Collated and Edited by Steven Willis - October 1997
2. SUMMARY OF THE OBJECTIVES OF ROMAN POTTERY RESEARCH
The objectives of Roman pottery research must be centred around the development of its established wide-ranging contribution as outlined above (Section 1.2). There is now a general awareness amongst the archaeological community of what pottery analysis can achieve and it is the purpose of this Document to present clearly both considered research priorities and (where appropriate) how practitioners in the field believe these goals may be most efficiently accomplished.
It is important to stress that pottery research is not an ancillary domain within Roman studies, but one which regularly identifies and interprets highly pertinent phenomena and patterns within the archaeological record of the period. Hence the results of Roman pottery research regularly suggest new ways of understanding and evaluating social and economic organization, etc. during this period which directly feed into perceptions of the Roman period (eg. Millett 1990; 1995; Hanson 1994). Moreover, as this Framework indicates, Roman pottery studies are able to target and address specific research questions with the expectation of worthwhile results and, in turn, propose new avenues for enquiry. Equally, and of not least importance, they may be linked in thematic studies with other types of evidence to engage broad issues.
The key contribution of Roman pottery study lies in addressing recognized academic objectives. In practice this is accomplished through a variety of methodological approaches and means including, for instance, the publication of new kiln groups, analyses of type-distributions, quantitative and synthetic studies, petrological and geochemical work, computer assisted assessments, and site specific investigations. In fact it is normal for publications, especially reports on specific collections (which form the majority of Roman pottery publications), to contain a number of methodological approaches designed to extract different types of information from the material. By employing various techniques recent work on Roman pottery has convincingly established that pottery data can reveal much about the nature of social organization and cultural practice during this era. In addition to its familiar role as a key index of date and of trading/exchange connections, work of recent years has begun to significantly fulfil many of the broader expectations of this resource stated in the late 1970s and 1980s (eg. Young 1980; Millett 1979; 1987a). This can be seen in the majority of reports on excavated material published over the last few years which attempt to address or comment upon a wide range of relevant questions as a matter of course (eg. Hurst 1985; Greene 1993; Groves 1993; Evans forthcoming).
In addition, specific and synthetic research work has demonstrated that pottery data can be effectively employed to reveal significant insights into the nature of society during our period: for instance, through identifying potential macro-economic patterns (eg. Marsh 1981; Going 1992), social groupings (eg. Evans 1988), the ethnic composition of the Roman army and its movements (Swan 1992; In Press; Swan & Bidwell In Press), cultural preferences in the consumption of material culture (eg. Willis 1997a), functional aspects of pottery use (eg.

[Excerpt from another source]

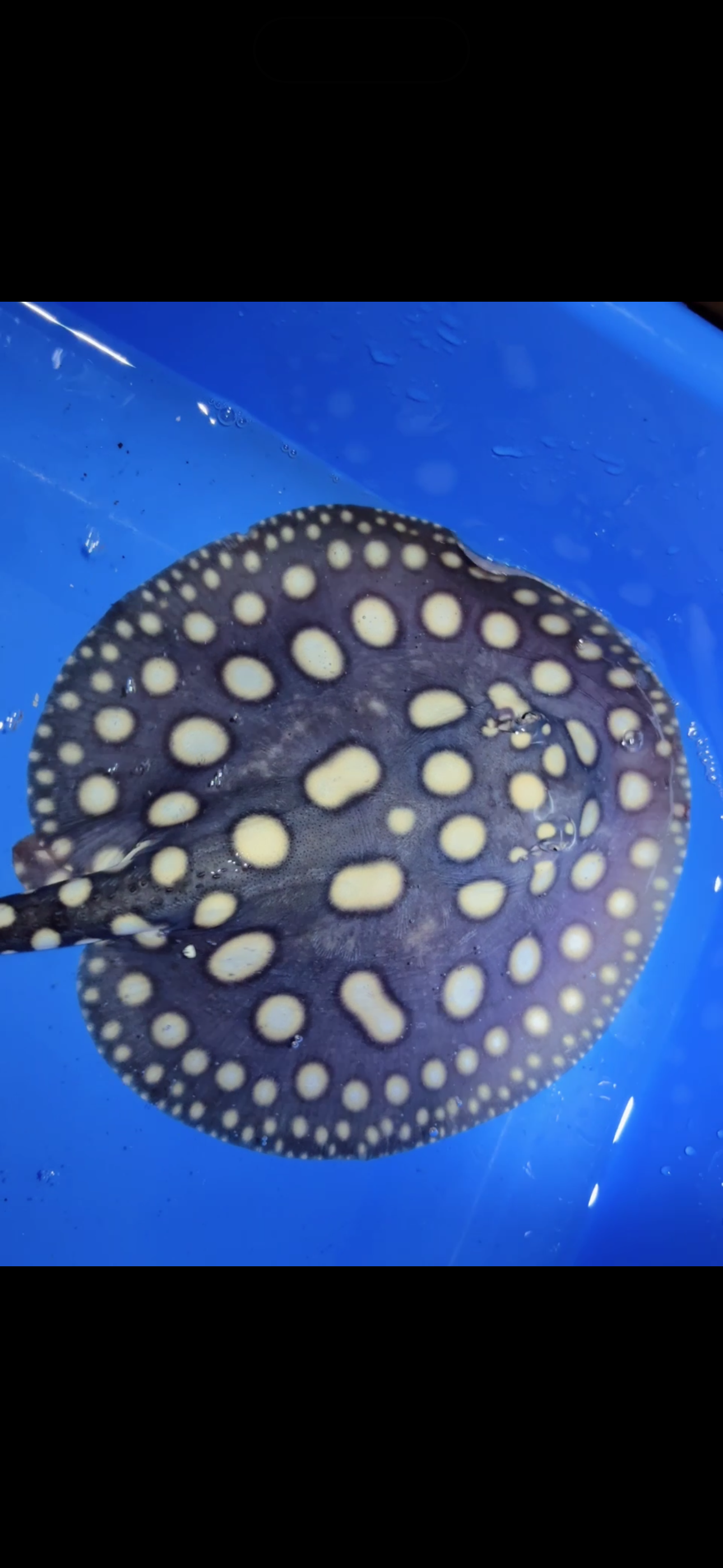 Freshwater stingray black diamond male 6inch 16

Evans 1995a), site hierarchy and status (eg. Millett 1980; Booth 1991), models of Romanization and the 'end of Roman Britain' (eg. Cooper 1996).
The study of Roman pottery must relate to changing research perspectives, methods and questions within Roman archaeology in Britain and across the Empire, and indeed within archaeology generally. The outlook of Roman pottery specialists has been a constantly adapting one, reflecting wider changes within the study of the Roman period. It is believed that the current Document demonstrates a strong awareness of the dynamic possibilities for pottery work in the near future.